Around this time, in an attempt to stop the coup, then-president Goulhart flew to Brasilia. But he lacked the support necessary to make the military stand down and the presidency was declared vacant. Goulart left the country within 24 hours. In 1966, the Military Dictatorship decided to not hold elections.

During the 21 years of military rule, some 400 people were murdered or disappeared. Thousands more were tortured, including Brazil’s current president Dilma Rouseff. In some cases, even the children of regime critics were targets. Military rule ended in 1985 and elections were held four years later.

Years before relinquishing power, the regime created an amnesty law to shield all military officials from prosecution for abuses committed.

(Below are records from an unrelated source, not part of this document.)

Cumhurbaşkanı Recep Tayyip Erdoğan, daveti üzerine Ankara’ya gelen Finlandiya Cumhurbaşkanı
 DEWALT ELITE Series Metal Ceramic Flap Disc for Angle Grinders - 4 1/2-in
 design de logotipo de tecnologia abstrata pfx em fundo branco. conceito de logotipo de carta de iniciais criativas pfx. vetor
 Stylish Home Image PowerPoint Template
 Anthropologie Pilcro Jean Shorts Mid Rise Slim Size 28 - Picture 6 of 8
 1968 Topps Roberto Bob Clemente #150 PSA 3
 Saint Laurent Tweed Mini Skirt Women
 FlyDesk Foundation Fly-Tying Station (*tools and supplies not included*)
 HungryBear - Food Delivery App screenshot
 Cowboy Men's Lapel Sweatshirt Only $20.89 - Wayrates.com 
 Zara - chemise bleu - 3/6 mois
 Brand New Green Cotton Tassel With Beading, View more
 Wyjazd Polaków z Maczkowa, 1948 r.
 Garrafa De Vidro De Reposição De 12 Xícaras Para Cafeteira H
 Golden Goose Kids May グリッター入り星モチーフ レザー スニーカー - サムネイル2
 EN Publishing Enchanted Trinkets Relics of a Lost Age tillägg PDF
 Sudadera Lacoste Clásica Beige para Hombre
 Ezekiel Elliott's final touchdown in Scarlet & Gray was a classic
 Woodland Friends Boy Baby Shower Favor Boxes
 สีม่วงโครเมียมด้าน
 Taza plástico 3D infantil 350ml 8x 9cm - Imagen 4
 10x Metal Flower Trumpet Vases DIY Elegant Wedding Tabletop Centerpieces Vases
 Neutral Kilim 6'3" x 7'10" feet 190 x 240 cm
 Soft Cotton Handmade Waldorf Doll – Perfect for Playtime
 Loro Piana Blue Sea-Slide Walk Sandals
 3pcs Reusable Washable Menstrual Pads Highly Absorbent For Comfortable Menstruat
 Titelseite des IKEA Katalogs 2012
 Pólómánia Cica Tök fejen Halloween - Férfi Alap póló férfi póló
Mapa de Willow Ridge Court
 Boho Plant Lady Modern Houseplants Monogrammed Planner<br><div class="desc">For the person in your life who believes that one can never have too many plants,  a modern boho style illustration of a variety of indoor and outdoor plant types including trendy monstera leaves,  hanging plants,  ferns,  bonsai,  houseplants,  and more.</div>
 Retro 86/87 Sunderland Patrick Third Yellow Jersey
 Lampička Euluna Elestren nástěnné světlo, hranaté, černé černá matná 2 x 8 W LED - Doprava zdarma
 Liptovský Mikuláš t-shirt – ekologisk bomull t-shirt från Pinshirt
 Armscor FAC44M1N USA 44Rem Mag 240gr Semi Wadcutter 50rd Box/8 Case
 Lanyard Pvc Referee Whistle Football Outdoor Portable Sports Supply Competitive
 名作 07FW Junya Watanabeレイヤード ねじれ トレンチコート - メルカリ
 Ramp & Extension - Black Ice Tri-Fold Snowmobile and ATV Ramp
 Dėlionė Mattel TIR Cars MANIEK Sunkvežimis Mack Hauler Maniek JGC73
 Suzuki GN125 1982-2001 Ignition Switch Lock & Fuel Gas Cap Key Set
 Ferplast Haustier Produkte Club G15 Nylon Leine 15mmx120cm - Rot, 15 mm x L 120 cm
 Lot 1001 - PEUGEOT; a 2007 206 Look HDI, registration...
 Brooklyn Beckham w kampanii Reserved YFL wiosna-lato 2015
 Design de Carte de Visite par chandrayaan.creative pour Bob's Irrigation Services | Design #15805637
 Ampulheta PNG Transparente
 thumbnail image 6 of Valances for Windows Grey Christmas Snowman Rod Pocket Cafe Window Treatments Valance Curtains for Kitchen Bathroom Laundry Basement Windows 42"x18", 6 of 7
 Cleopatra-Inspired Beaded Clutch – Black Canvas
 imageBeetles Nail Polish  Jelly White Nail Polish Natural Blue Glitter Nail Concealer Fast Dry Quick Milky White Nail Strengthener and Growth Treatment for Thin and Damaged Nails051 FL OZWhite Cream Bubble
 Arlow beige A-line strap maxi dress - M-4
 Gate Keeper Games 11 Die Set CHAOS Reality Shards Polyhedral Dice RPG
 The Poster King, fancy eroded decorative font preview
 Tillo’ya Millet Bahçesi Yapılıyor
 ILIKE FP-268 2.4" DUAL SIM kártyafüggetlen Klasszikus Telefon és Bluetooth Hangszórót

Mauricio Santoro, a political scientist and human rights adviser to Amnesty International Brazil, says one of the strongest legacies of the dictatorship is a culture of impunity for crimes committed by state agents. “We are not a democracy as strong as we want to be, as we should be,” he commented. “We still have to move forward and one of the ways to do that is to face the ghosts of the past- to punish the people that committed these very serious crimes, crimes against humanity during the dictatorship and to punish them in order to turn the page and build a strong democracy in Brazil.”

The Brazilian chapter of Amnesty International is working to overturn the dictatorship-era law. Regional neighbor, Argentina, has already overturned their amnesty law and successfully prosecuted some former officials and torturers.

The government of Brazil established a Truth Commission in 2011 to investigate human rights abuses during the dictatorship.

Despite the harrowing stories of torture and authoritarianism, a small but noticeable hardline tendency still exists in Brazilian public opinion. In a survey published last week, a 14% claimed that dictatorship is best the form of government.

The Brazilian Military Party, a fringe political group is expected to run candidates in the 2016 municipal elections. There are also several prominent Facebook groups dedicated to restoring military rule, mostly under the pretext that Brazil’s current ruling Worker’s Party is a pseudo-communist organization.

In the run-up to the anniversary of the coup, sympathizers of the Military Dictatorship reenacted 1964’s ‘March for Family, God and Liberty,’ a march that took place 2 weeks before the junta seized power. The original march – widely seen as one of the catalysts for the coup – attracted over 200,000 marchers in both Rio and Sao Paulo. This year’s reenactments in those two cities reportedly only brought around 150 people each- a sign that, while Brazil may not be quite ready to punish the crimes of the past, it’s certainly not eager to repeat them.